Ma, qualora si decida che vengano trattati, sarebbe comunque non consentito divulgare le generalità e le foto di chi decide di togliersi la vita. La ratio di questa regola sarebbe da un lato il rispetto della vittima dall’altro l’evitare inutili sensazionalismi che potrebbero scatenare emulazioni. Anche in questo caso, sgomento per come le regole deontologiche e di buon senso siano saltate, questa donna sia stata data in pasto a tutti noi col suo bel sorriso, la faccia felice, e l’inevitabile domanda: “perché?”.

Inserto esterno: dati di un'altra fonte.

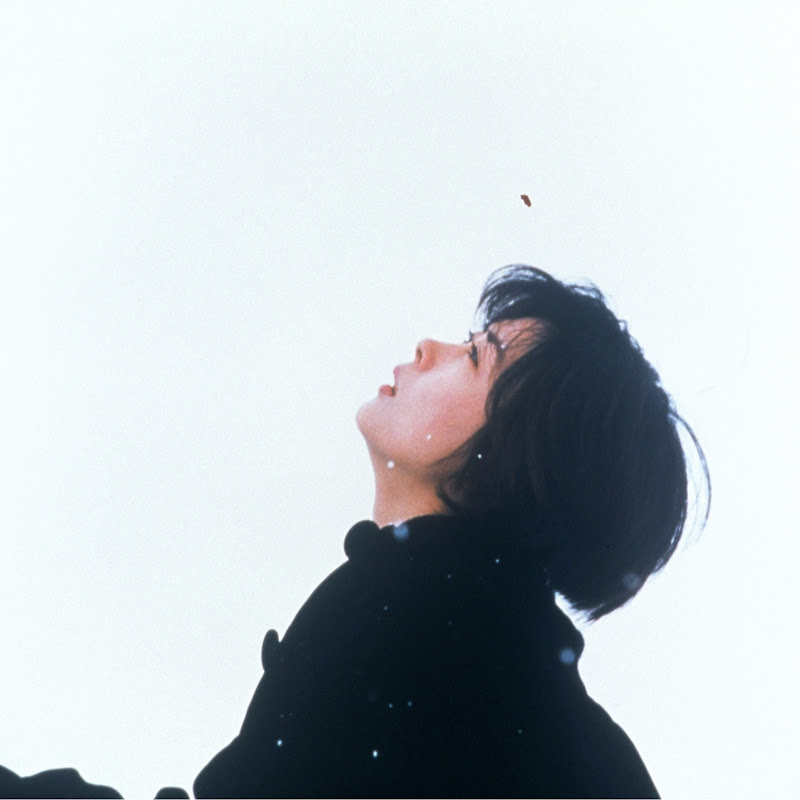 是藤井树哇 Logo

Il perché del suo gesto ha deciso di raccontarlo lei in una lettera inviata al giornale Adige e resa pubblica; anche qui, con mia grande perplessità: anche se nella scelta della donna c’era evidentemente di lanciare al mondo il suo messaggio di disperazione, era nelle facoltà del giornale decidere di non pubblicarla. È una lettera privata e molto dolente, in cui la donna esprime tutta la sua sofferenza per la separazione dal compagno e soprattutto per essere una 41enne che si ritrova single, con un unico figlio e il sogno di una famiglia numerosa visto sfumare. In queste parole ho sentito tutto il peso che noi donne dobbiamo ancora portare sulle nostre spalle di aspettative sociali che ci vogliono produttive ma anche riprodotte, belle, sorridenti e assolutamente non sole; preferibilmente mai, ma non certo dopo i 40 anni. Qui mi sono detta che forse, piuttosto che andare a spulciare nella storia di vita e sentimentale di questa donna, il compito di chi fa informazione, e la fa bene, sarebbe stato quello di interrogarsi su questo: sul ruolo che ancora hanno le aspettative sociali, su come impattano sulla vita di ogni persona e delle donne in particolare. Solo in questo modo si sarebbe trasformato questo gesto individuale e terribile in un gesto pubblico, con un reale interesse collettivo. Rimane il grosso tema di se e quanto si debba parlare di suicidio sui giornali: c’è chi sostiene, in parte giustamente, che occultare le cronache di sucidi è un modo di continuare a insabbiare un tema così importante nella nostra società, di cui evidentemente facciamo ancora fatica a riconoscere i prodromi e i segnali di allarme. Di contro, è vero che va rispettata la privacy di chi sceglie di concludere la propria vita in modo volontario, che non è altro che una delle tante possibilità di morire che ci sono date. Credo che una sana via di mezzo sarebbe parlare dei sucidi senza aggiungere nomi o immagini, riportare la cronaca, dare spessore al fenomeno senza intaccare la privacy di nessuno. Ma soprattutto, continuare a parlarne non chiedendo il parere al sindaco, al parroco o al collega, ma facendoci spiegare dagli esperti quali sono i segnali da non trascurare ed essere così pronti a riconoscere la sofferenza vicino a noi.